Sorry if this question has already been asked, but can someone post a sample *.ces or *.gpx from the Cateye Stealth 50? I'm interested in the file format when I download a trip. Specifically, are the values for cadence and heartrate written to the *.ces and *.gpx files in an ASCII format (of course, including the GPS track)? Thanks.


----------



## derekbob (May 4, 2005)

I don't have a cadence or HR monitor but hopefully this will help


----------



## dnewborn (Sep 3, 2013)

derekbob, thanks for the quick reply. Were you recording heartrate and cadence during that ride? Looks like only lat/lon, elevation, speed, and time are recorded for each sample. And after looking at the GPX standard on GPX: the GPS Exchange Format, I doubt GPX handles HR and cadence.


----------



## derekbob (May 4, 2005)

I was not recording cadence or hr. I am getting a cadence/speed monitor today. You have the option to export a cateyeAtlas, gpx, or fit file using the cateye sync software, you may get more options with more sensors. There is a 1 button upload to strava option which is what I use.

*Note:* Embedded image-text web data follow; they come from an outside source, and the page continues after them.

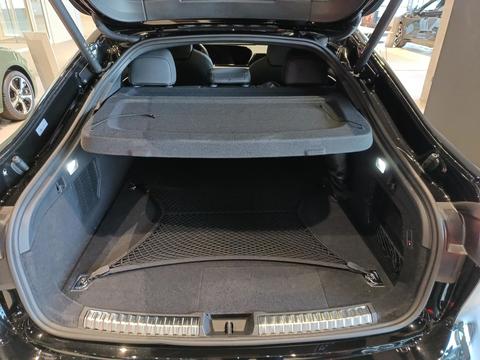 Trunk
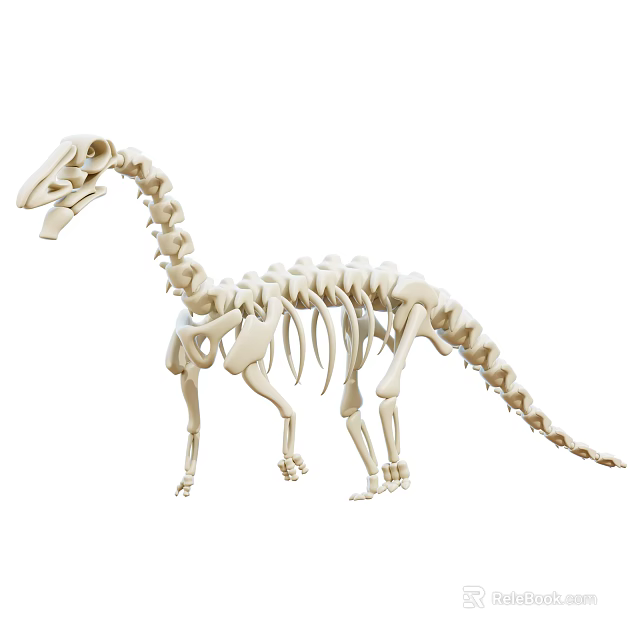 Dinosaur Skeleton Decorative Ornament Set For Home Decor Display And Collection 3d model 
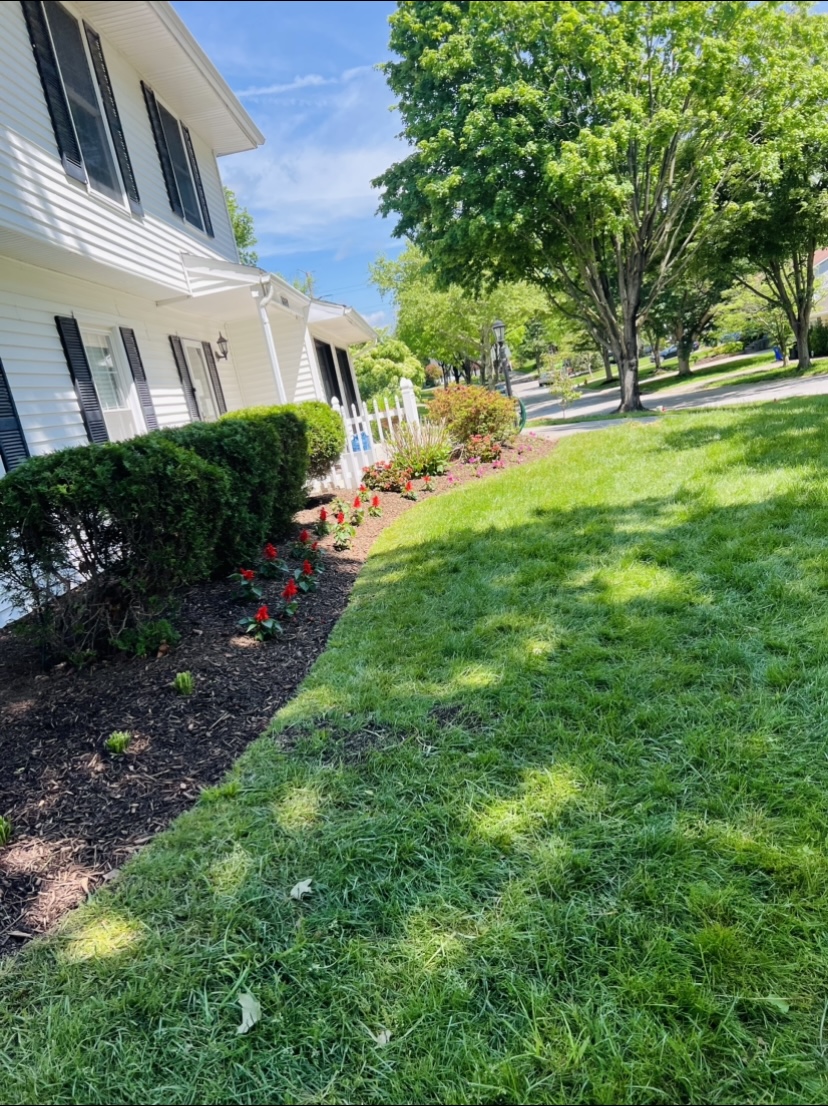 sod install example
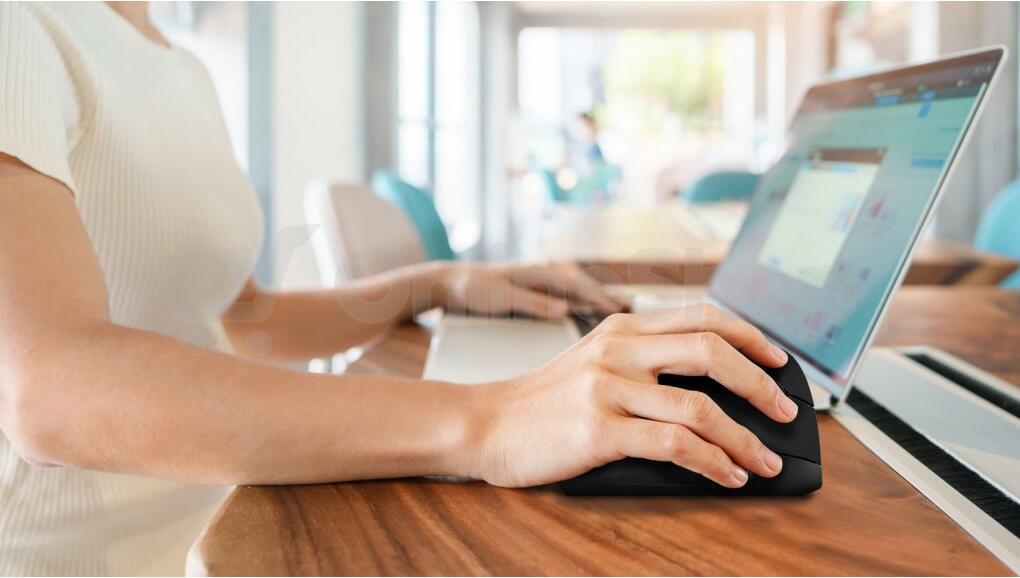 EVOLVEO TwinVerti, vertikální tichá ergonomická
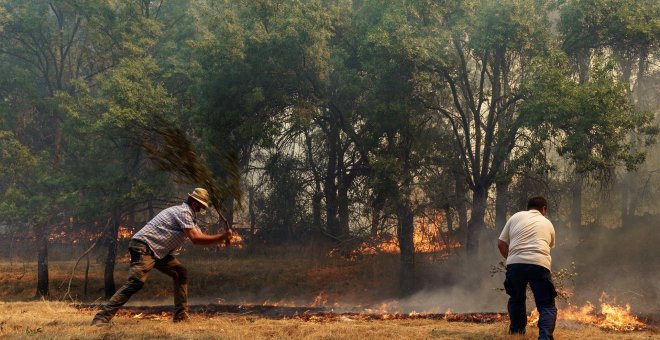 El incendio de Ávila sigue estable pero la Junta advierte de "pequeñas reproducciones"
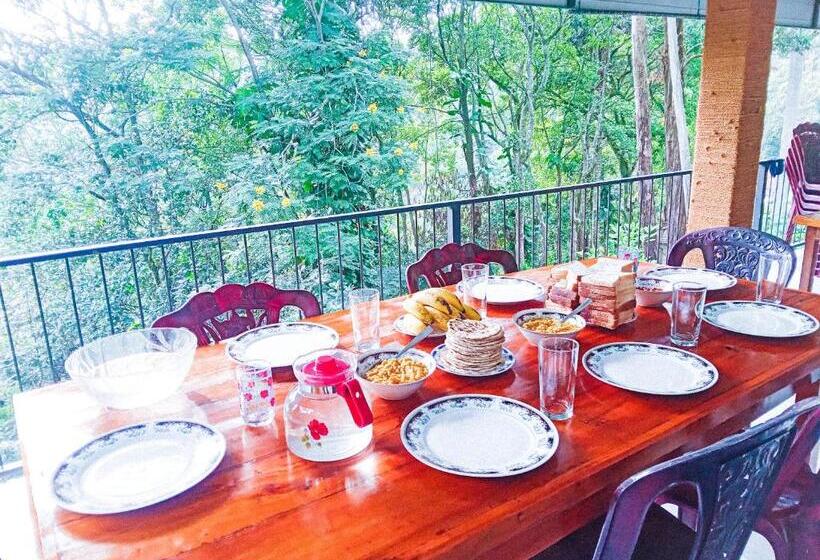 סוויטה משפחתית, Ella South Star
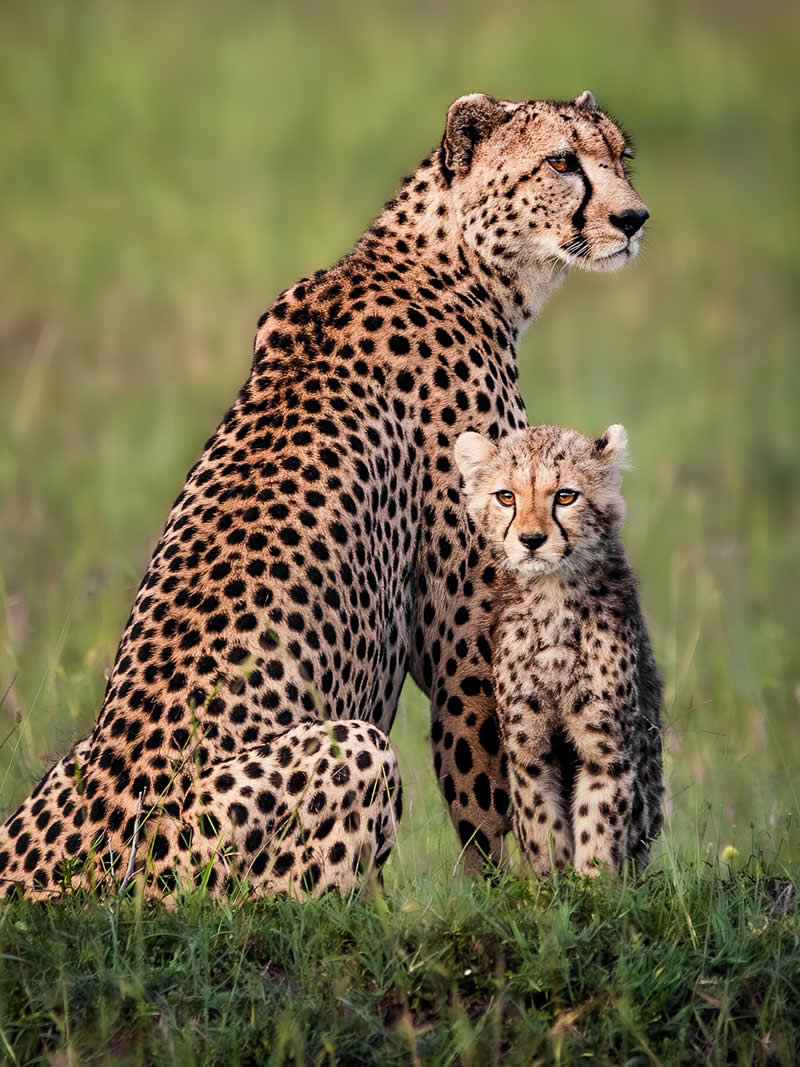 Wildlife Photography by Nili Gudhka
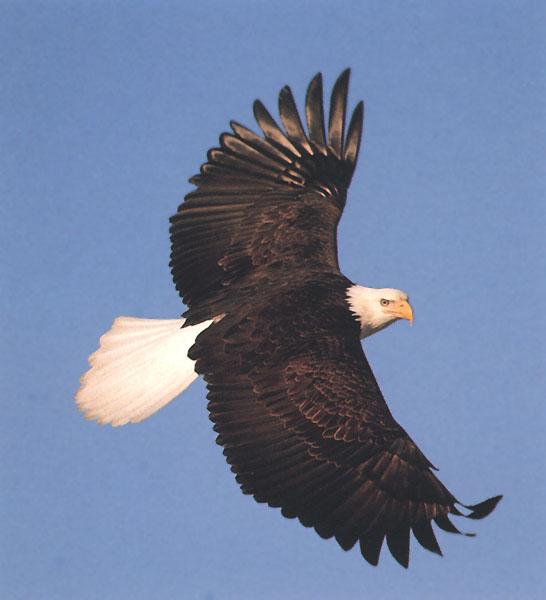 Bald Eagle 122-In Flight.jpg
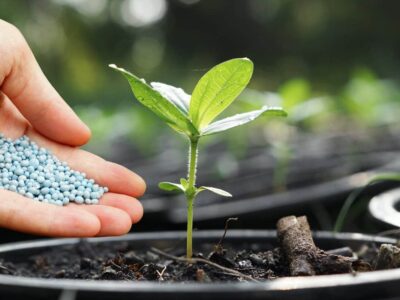 ۱۸ هزار تن کود یارانهای در قم توزیع شد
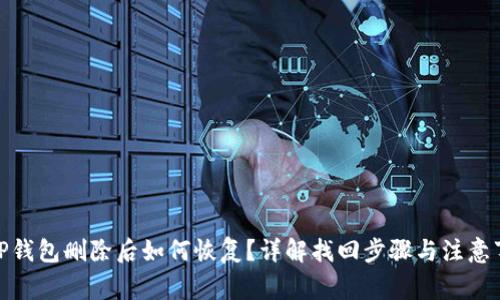 : TP钱包删除后如何恢复？详解找回步骤与注意事项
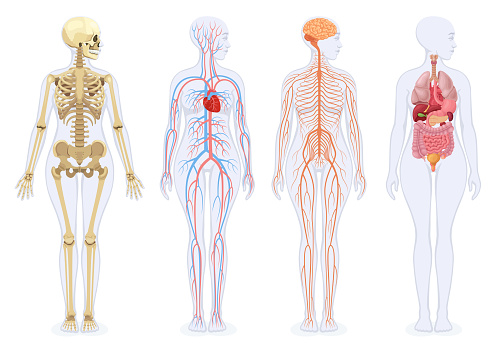 Explore the intricate details of the female human anatomy with this meticulously crafted vector illustration. This anatomical masterpiece showcases the elegance of the human skeleton, the complexity of internal organs, the intricacies of the circulatory system, and the sophistication of the nervous system. Ideal for educational purposes, medical presentations, or anyone passionate about the marvels of the human body. Enhance your projects with this high-quality visual representation.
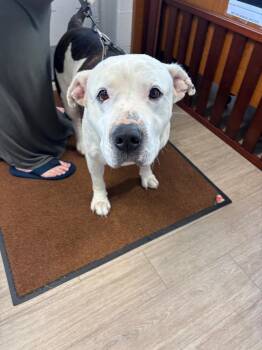 Hank *ADOPTION FEE PAID* -  Mixed Breed Dog for Adoption in Metter, Georgia - Hank *ADOPTION FEE PAID* | PetCurious
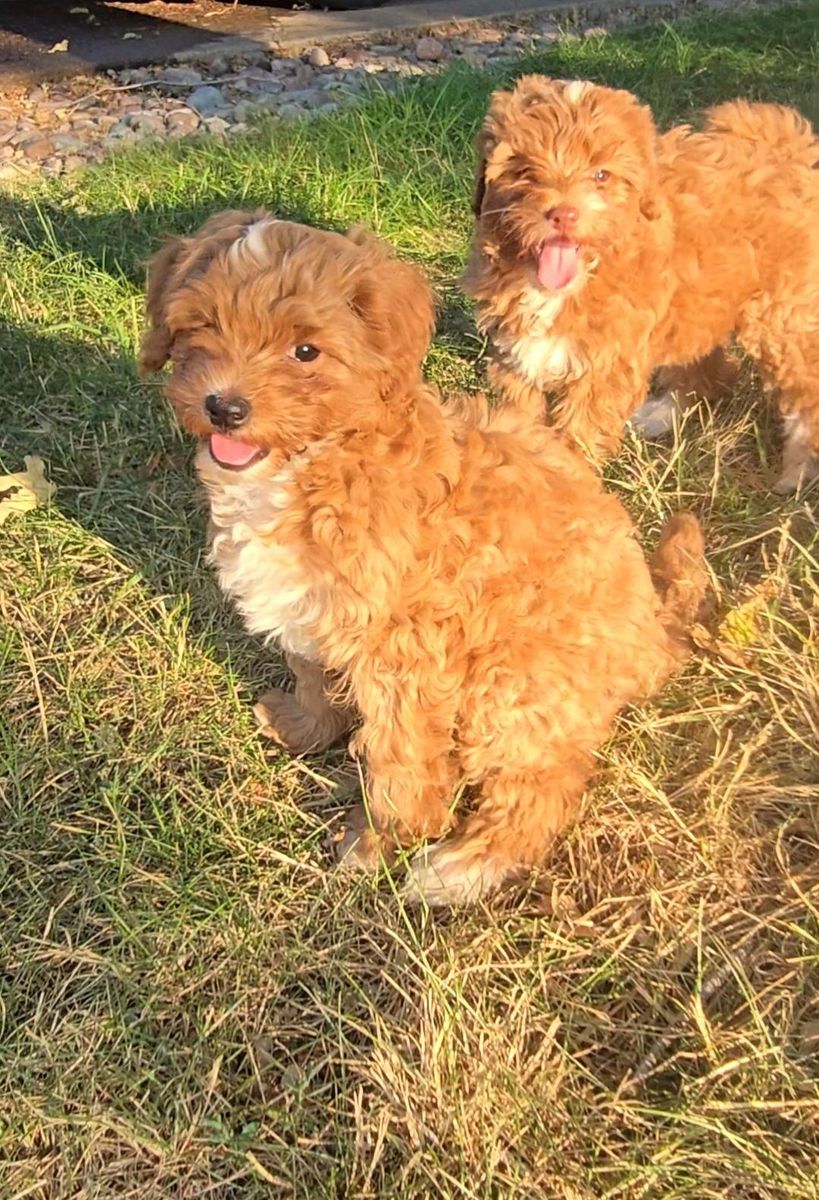 Adorable Fluffy Brown Cavapoo Puppies- 3 Months Old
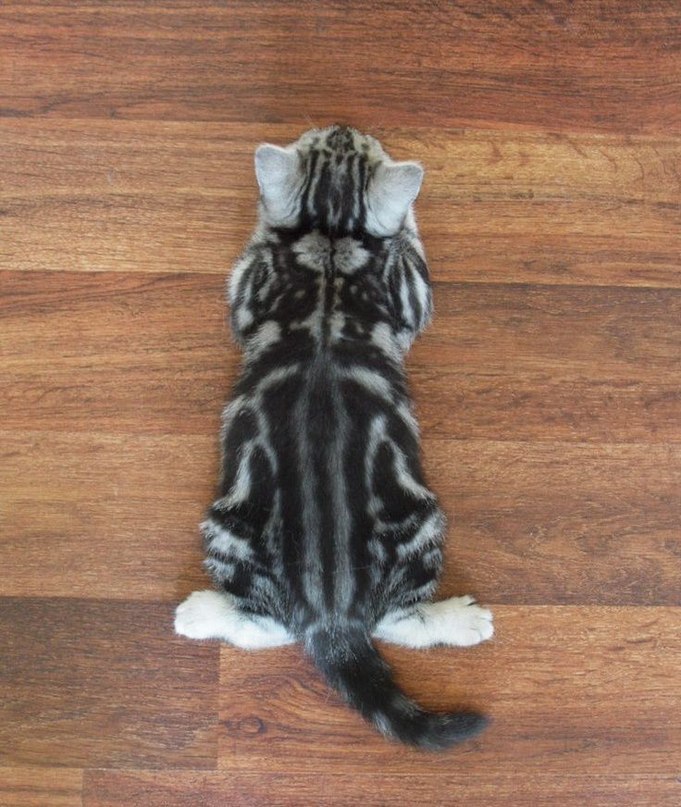   :3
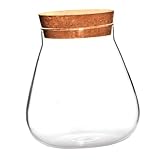 MOBUTOFU Vase Transparent pour Micro Terrarium Bocal Décoratif à Plantes Et DIY Décorat...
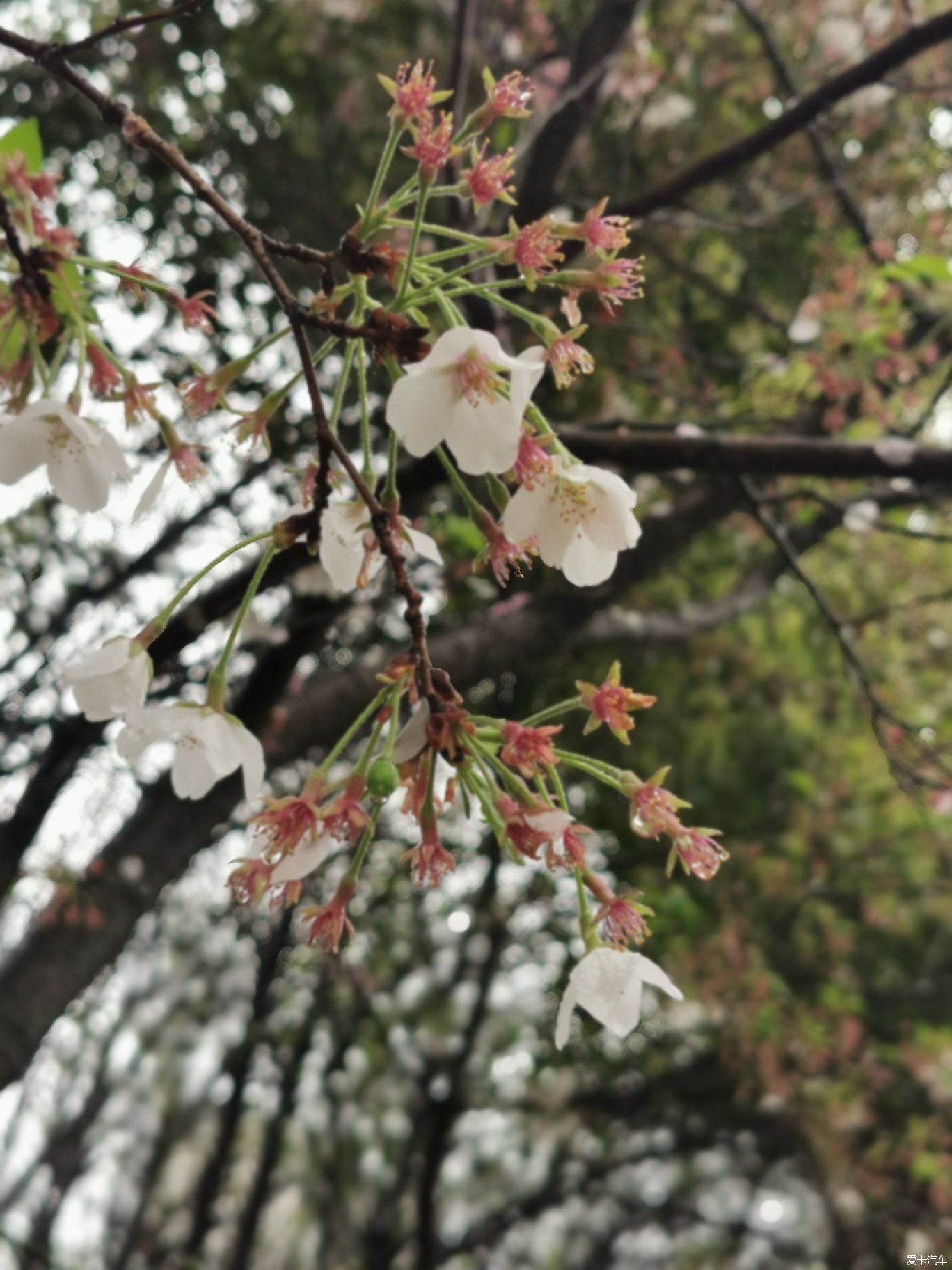 雨中盛开的樱花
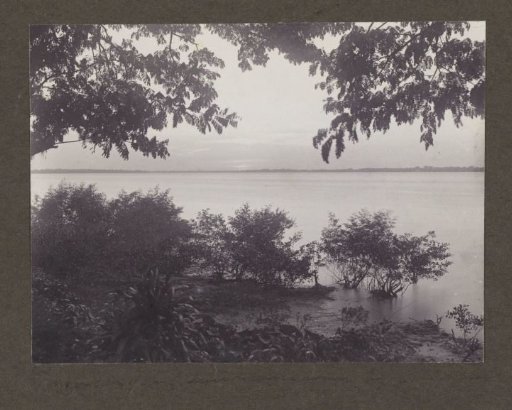 River view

I don't know about the info carried in each file type, I'm still new to GPS.


----------



## dnewborn (Sep 3, 2013)

I got my hands on a Stealth 50 and heartrate monitor this evening. If there are others out there who are interested in the same questions I had, here you go:

- The ASCII-based *.gpx file only contains lat/lon, elevation, speed, and time even if other sensors (HR, cadence, etc) are connected.
- But, the ASCII-based *.ces file (the "CATEYEAtlas" export option in the CATEYE Sync software) contains all of the data per time sample that the Stealth 50 records, e.g. lat/lon, elevation, speed, cadence, heartrate, power, time, and distance. If I get a chance tomorrow, I will post an example file of a *.ces.


----------



## Le Duke (Mar 23, 2009)

Any of you guys using these with a Mac?

If so, how is it working for you?


----------



## Two Jack (Sep 26, 2011)

I have been using the 50 for a few months now, with a Mac. I went to the Cateye after the third return of my Edge 500, enough was enough.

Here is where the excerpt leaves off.